**TASK ITEM:** Once you reach the line that holds "outdoor dining enclosure" in the listing below, output it and every line after it through the line that holds "20. โครงการยกร", word for word.

*** MATERIAL SHOWN ***

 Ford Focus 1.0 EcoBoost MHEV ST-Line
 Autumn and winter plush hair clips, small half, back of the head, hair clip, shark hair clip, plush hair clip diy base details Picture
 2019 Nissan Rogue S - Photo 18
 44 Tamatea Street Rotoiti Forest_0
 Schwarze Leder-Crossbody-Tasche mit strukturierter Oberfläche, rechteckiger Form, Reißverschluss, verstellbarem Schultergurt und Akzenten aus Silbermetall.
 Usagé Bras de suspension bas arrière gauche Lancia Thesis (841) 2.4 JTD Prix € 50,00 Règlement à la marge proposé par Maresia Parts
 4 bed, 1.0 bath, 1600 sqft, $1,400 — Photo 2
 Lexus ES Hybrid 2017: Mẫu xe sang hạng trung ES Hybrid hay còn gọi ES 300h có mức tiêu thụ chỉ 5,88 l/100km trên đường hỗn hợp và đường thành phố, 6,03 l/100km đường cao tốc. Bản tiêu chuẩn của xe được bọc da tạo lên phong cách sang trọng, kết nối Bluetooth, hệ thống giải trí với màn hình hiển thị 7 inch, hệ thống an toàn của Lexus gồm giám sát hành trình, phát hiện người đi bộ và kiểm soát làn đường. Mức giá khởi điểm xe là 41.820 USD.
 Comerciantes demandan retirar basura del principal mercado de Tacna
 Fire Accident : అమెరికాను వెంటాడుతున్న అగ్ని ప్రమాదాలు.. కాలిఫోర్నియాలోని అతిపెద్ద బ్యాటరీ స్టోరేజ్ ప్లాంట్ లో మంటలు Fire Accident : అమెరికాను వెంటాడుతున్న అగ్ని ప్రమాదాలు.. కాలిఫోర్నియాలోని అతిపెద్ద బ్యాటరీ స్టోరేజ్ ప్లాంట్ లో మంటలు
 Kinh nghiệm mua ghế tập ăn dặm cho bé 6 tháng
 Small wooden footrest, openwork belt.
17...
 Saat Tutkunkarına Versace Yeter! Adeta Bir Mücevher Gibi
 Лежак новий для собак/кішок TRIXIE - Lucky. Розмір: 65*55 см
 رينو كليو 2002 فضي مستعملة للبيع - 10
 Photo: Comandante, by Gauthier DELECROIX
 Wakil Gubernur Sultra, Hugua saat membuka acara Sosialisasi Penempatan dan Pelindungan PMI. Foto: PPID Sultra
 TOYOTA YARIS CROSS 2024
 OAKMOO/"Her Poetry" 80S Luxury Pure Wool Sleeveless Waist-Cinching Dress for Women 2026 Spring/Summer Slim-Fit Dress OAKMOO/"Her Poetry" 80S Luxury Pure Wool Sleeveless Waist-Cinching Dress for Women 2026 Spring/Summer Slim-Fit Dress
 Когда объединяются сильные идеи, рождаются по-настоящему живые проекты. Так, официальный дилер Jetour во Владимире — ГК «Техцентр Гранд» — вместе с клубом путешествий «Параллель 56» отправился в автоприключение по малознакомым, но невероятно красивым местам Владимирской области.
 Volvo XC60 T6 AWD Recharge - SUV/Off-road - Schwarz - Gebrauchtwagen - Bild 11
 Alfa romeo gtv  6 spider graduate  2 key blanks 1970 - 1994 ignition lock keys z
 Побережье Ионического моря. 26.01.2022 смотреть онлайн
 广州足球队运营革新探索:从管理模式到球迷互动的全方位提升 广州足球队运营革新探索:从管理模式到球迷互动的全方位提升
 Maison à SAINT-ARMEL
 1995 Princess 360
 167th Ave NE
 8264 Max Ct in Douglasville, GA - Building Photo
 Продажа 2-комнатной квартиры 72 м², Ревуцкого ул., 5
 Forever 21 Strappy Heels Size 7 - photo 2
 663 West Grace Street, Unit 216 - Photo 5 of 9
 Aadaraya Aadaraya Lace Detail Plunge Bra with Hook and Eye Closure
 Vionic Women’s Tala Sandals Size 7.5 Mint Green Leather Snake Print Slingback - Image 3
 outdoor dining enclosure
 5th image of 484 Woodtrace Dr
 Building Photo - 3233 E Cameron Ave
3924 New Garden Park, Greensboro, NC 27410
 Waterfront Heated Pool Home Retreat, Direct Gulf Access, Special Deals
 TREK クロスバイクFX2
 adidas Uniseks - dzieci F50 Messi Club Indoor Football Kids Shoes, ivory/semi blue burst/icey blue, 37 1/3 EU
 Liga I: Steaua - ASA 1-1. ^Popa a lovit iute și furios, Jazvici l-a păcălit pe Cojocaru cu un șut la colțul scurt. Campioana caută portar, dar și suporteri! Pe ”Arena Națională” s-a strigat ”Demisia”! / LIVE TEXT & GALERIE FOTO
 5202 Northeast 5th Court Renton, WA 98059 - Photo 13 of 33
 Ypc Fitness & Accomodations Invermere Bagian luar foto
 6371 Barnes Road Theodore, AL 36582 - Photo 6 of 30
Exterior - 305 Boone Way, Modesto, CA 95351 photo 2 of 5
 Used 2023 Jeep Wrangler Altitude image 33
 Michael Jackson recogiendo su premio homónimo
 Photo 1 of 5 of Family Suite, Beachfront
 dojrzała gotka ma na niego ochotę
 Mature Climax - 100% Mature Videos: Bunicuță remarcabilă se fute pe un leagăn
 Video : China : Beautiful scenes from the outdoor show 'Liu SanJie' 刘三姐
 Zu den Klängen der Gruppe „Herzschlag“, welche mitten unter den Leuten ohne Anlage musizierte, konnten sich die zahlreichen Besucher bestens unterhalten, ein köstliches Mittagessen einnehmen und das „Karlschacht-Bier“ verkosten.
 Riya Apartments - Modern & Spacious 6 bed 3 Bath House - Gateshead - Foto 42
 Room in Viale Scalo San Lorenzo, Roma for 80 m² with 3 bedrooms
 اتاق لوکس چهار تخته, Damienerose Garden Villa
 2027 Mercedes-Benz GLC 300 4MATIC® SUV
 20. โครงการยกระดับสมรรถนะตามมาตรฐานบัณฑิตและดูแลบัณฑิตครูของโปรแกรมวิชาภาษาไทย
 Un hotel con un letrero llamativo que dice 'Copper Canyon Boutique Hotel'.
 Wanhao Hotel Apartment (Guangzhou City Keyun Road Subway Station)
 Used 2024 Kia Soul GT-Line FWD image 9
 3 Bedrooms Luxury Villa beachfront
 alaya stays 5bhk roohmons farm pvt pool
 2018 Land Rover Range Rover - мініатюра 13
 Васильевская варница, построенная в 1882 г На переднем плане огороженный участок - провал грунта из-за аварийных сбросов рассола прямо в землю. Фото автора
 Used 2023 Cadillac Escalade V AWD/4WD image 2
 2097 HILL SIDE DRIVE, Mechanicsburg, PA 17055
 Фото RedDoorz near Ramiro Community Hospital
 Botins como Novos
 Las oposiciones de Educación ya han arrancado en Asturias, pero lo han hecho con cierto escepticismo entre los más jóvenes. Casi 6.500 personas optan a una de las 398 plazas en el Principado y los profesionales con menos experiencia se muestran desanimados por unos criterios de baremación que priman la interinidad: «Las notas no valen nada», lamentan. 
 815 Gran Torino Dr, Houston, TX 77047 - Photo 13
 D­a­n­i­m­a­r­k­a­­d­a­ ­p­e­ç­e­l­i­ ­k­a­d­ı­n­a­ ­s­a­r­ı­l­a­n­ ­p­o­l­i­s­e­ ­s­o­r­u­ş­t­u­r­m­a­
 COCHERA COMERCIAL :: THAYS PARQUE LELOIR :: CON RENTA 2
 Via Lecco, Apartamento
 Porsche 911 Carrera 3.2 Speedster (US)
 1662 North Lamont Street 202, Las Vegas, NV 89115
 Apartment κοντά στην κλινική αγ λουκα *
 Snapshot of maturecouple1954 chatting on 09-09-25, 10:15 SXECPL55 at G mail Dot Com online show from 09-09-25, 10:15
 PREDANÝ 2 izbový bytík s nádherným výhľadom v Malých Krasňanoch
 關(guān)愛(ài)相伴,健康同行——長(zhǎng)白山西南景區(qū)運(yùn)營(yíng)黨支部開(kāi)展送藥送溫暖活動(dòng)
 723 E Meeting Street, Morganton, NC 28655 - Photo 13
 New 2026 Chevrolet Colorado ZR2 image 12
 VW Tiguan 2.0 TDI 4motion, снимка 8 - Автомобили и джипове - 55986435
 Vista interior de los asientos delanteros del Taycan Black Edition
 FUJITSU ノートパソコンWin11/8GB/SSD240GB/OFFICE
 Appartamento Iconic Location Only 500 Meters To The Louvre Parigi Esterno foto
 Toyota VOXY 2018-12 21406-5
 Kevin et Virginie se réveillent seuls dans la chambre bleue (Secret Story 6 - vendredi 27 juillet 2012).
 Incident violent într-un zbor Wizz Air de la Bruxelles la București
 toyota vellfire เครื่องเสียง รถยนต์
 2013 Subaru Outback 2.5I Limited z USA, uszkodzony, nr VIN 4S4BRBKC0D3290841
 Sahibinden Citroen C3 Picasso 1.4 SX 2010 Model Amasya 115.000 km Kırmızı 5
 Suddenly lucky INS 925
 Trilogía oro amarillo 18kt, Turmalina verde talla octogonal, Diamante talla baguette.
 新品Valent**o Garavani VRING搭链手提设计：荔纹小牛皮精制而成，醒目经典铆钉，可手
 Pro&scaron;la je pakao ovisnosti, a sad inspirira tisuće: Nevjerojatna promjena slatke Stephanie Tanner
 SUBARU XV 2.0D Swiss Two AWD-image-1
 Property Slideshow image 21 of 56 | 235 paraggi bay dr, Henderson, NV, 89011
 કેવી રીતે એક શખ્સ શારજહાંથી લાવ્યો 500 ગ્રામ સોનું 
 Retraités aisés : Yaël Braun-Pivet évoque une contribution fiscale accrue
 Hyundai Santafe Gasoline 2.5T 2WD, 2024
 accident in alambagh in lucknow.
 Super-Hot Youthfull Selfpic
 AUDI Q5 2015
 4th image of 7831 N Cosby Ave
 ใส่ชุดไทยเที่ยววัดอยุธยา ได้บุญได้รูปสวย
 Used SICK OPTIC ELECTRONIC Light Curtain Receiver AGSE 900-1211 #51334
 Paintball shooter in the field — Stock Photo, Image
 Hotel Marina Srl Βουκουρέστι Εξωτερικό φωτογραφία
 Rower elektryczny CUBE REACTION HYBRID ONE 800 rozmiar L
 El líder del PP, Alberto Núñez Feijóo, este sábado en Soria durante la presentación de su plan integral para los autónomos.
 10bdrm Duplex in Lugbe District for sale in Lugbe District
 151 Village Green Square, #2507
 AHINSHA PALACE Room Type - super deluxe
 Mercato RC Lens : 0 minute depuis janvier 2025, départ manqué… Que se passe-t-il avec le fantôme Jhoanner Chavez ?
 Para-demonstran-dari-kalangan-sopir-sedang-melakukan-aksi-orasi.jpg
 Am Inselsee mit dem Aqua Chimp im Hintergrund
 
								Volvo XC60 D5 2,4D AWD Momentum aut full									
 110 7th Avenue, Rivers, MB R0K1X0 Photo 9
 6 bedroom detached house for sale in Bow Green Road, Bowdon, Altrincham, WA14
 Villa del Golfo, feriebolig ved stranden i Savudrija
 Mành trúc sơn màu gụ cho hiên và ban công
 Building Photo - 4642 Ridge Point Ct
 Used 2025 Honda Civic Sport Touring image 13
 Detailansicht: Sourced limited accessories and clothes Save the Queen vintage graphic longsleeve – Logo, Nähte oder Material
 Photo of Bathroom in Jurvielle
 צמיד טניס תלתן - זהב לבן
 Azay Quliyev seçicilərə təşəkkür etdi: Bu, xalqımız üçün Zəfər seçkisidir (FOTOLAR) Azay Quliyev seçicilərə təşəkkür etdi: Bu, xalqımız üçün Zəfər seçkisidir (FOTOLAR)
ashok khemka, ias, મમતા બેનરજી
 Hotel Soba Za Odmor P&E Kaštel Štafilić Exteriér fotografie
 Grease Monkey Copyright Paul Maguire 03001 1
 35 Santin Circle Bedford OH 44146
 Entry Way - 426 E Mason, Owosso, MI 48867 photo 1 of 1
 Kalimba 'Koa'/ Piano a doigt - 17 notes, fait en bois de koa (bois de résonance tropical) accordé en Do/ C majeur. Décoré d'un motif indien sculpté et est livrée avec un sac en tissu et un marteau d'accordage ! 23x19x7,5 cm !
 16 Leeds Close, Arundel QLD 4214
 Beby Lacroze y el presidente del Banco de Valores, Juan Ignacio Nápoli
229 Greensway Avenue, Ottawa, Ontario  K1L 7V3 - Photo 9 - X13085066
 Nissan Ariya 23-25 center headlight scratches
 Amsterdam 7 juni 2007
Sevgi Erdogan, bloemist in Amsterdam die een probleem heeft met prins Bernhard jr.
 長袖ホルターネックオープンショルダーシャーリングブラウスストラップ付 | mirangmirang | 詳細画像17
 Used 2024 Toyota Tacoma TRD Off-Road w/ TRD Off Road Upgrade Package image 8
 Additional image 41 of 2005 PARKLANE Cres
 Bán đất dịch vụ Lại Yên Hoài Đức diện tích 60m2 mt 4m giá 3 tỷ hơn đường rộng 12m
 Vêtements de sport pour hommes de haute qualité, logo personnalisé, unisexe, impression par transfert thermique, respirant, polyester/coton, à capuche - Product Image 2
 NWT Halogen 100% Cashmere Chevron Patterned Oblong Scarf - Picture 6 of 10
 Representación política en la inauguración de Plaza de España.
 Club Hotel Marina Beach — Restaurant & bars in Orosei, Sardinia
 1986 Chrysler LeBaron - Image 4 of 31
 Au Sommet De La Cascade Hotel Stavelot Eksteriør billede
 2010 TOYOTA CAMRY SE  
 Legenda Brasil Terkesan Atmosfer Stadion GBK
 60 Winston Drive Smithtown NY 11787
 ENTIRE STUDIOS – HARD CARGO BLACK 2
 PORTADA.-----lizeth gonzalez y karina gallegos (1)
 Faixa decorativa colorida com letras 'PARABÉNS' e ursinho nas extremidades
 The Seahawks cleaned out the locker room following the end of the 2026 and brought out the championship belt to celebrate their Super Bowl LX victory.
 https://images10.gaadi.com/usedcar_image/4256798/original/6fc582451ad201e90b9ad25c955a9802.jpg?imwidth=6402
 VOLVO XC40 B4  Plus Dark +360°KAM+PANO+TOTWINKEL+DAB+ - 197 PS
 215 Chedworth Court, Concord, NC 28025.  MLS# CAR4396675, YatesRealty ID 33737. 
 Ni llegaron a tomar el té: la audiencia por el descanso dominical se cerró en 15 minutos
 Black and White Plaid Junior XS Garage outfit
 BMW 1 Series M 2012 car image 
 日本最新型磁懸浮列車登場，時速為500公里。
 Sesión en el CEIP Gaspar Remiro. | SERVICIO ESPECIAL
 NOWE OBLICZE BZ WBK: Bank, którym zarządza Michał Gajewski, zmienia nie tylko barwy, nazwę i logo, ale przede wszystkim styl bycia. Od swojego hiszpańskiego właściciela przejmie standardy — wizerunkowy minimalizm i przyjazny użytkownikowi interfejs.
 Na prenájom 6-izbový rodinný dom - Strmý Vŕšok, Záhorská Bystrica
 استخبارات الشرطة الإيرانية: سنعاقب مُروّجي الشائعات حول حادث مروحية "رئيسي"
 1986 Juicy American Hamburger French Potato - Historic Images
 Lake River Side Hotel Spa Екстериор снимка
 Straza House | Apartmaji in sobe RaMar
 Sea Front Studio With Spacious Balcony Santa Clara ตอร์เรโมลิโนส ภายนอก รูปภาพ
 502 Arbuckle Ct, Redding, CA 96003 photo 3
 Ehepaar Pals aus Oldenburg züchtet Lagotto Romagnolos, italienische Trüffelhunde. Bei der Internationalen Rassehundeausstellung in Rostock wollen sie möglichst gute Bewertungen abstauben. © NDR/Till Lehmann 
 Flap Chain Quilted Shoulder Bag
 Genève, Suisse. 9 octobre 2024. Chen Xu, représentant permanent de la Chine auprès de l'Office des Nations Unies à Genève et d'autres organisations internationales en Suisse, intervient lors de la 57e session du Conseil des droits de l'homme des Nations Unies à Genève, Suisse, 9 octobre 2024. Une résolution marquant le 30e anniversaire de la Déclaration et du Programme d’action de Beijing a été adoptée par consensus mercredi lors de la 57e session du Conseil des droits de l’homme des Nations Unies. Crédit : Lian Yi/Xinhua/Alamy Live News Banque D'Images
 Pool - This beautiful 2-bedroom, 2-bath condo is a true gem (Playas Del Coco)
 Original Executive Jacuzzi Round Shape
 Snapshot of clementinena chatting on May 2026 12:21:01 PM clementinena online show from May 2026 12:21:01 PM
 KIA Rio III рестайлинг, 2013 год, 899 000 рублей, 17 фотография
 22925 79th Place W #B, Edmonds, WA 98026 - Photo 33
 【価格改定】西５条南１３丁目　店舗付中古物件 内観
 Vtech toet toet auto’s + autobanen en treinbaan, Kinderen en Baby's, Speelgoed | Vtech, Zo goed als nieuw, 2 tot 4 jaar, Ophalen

*** End of MATERIAL SHOWN ***

**RESPONSE AREA:**
 outdoor dining enclosure
 5th image of 484 Woodtrace Dr
 Building Photo - 3233 E Cameron Ave
3924 New Garden Park, Greensboro, NC 27410
 Waterfront Heated Pool Home Retreat, Direct Gulf Access, Special Deals
 TREK クロスバイクFX2
 adidas Uniseks - dzieci F50 Messi Club Indoor Football Kids Shoes, ivory/semi blue burst/icey blue, 37 1/3 EU
 Liga I: Steaua - ASA 1-1. ^Popa a lovit iute și furios, Jazvici l-a păcălit pe Cojocaru cu un șut la colțul scurt. Campioana caută portar, dar și suporteri! Pe ”Arena Națională” s-a strigat ”Demisia”! / LIVE TEXT & GALERIE FOTO
 5202 Northeast 5th Court Renton, WA 98059 - Photo 13 of 33
 Ypc Fitness & Accomodations Invermere Bagian luar foto
 6371 Barnes Road Theodore, AL 36582 - Photo 6 of 30
Exterior - 305 Boone Way, Modesto, CA 95351 photo 2 of 5
 Used 2023 Jeep Wrangler Altitude image 33
 Michael Jackson recogiendo su premio homónimo
 Photo 1 of 5 of Family Suite, Beachfront
 dojrzała gotka ma na niego ochotę
 Mature Climax - 100% Mature Videos: Bunicuță remarcabilă se fute pe un leagăn
 Video : China : Beautiful scenes from the outdoor show 'Liu SanJie' 刘三姐
 Zu den Klängen der Gruppe „Herzschlag“, welche mitten unter den Leuten ohne Anlage musizierte, konnten sich die zahlreichen Besucher bestens unterhalten, ein köstliches Mittagessen einnehmen und das „Karlschacht-Bier“ verkosten.
 Riya Apartments - Modern & Spacious 6 bed 3 Bath House - Gateshead - Foto 42
 Room in Viale Scalo San Lorenzo, Roma for 80 m² with 3 bedrooms
 اتاق لوکس چهار تخته, Damienerose Garden Villa
 2027 Mercedes-Benz GLC 300 4MATIC® SUV
 20. โครงการยกระดับสมรรถนะตามมาตรฐานบัณฑิตและดูแลบัณฑิตครูของโปรแกรมวิชาภาษาไทย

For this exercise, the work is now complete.